Getting myself a set of Indian clothes was one of the first things I did after settling down in Satipur. I went to the cloth-stall downstairs and then next door where there is a little tailor sitting on a piece of sacking with his machine. He measured me right.there and then in his open shop in full view of the street, but with such care to keep hi, distance that his measures were too approximate for any kind of fitting. As a result my clothes are very loose indeed but they serve their purpose and I'm glad to have them. I now wear a pair of baggy trousers tied with a string at the waist such as the Punjabi peasant women wear, and their kind of knee-length shirt. I also have a pair of Indian sandals which I can shuffle off and leave on thresholds like everyone else. (They are men's sandals because the women's sizes don't fit me). Although I'm now dressed like an Indian woman, the children are still running after me; but I don't mind too much as I'm sure they will soon get used to me.
There is one word that is often called after me: hijra.
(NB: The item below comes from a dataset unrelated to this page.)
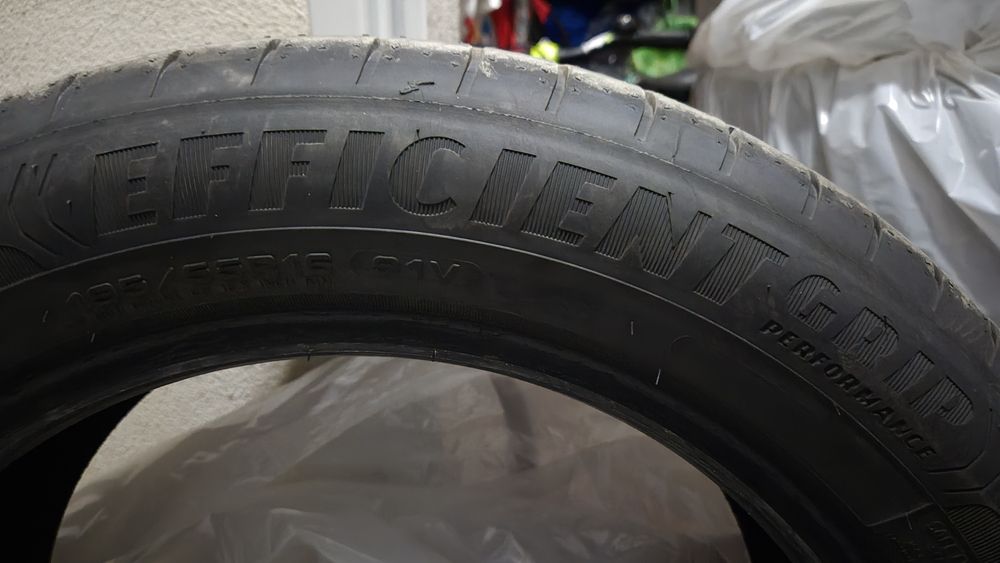 Goodyear Performance grip 195/55 R16 91V летни, DOT 3725, като нови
Unfortunately I know what it means. I knew before I came to India, from a letter of Olivia's. She had learned it from the Nawab who had told her that Mrs. Crawford looked like a hijra (Great-Aunt Beth was, like me, tall and flat-chested). Of course Olivia also didn't know what it meant, and when she asked; the Nawab shouted with laughter. But instead of explaining he told her "I will show you," and then he clapped his hands and gave an order and after some time a troupe of hijras was brought and the Nawab made them sing and dance for Olivia in their traditional style.
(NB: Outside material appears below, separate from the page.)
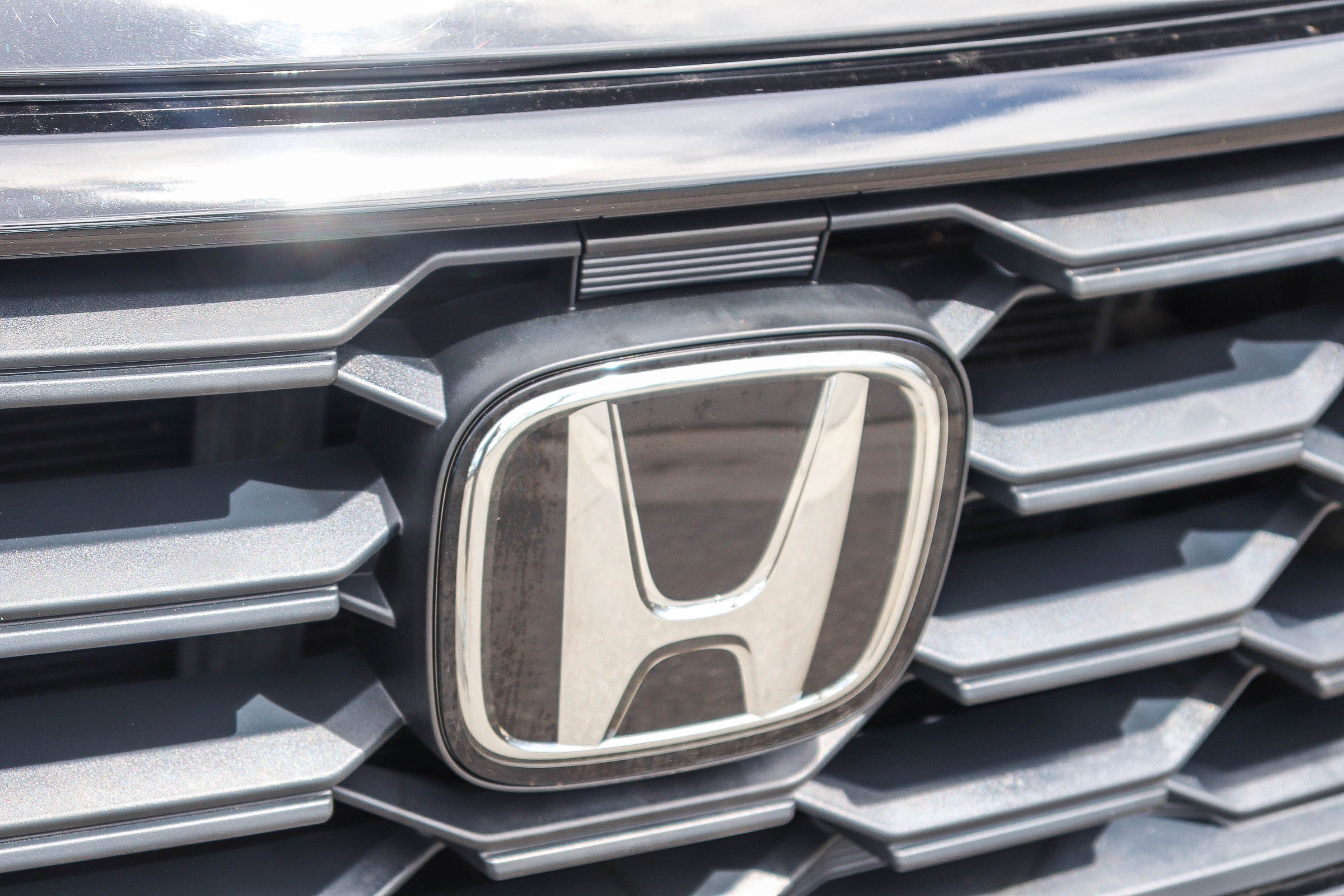 2025 Honda Pilot Sport - Photo 39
I have also seen them sing and dance. It was when I was walking back with Inder Lal from seeing his office. We were quite near home when I heard a noise of drums from a side-street. Inder Lal said it was nothing worth looking at — "a very common thing," he said — but I was curious so he reluctantly accompanied me. We went through a succession of alleys winding off from each other and then we entered an arched doorway and went down a passage which opened up into an inner courtyard. Here there was the troupe of hijras eunuchs — doing their turn. One played a drum, others sang and clapped their hands and made some dancing motions. There was a cluster of spectators enjoying the performance. The hijras were built like men with big hands and flat chests and long jaws, but they were dressed as women in saris and tinsel jewellery. The way they danced was also in parody of a woman's gestures, and I suppose that was what amused people so much. But I thought their faces were sad, and even when they smirked and made suggestive gestures to what I guessed to be suggestive words (everyone laughed and Inder Lal wanted me to come away), all the time their expression remained the worried workaday one of men who are wondering how much they are going to be paid for the job.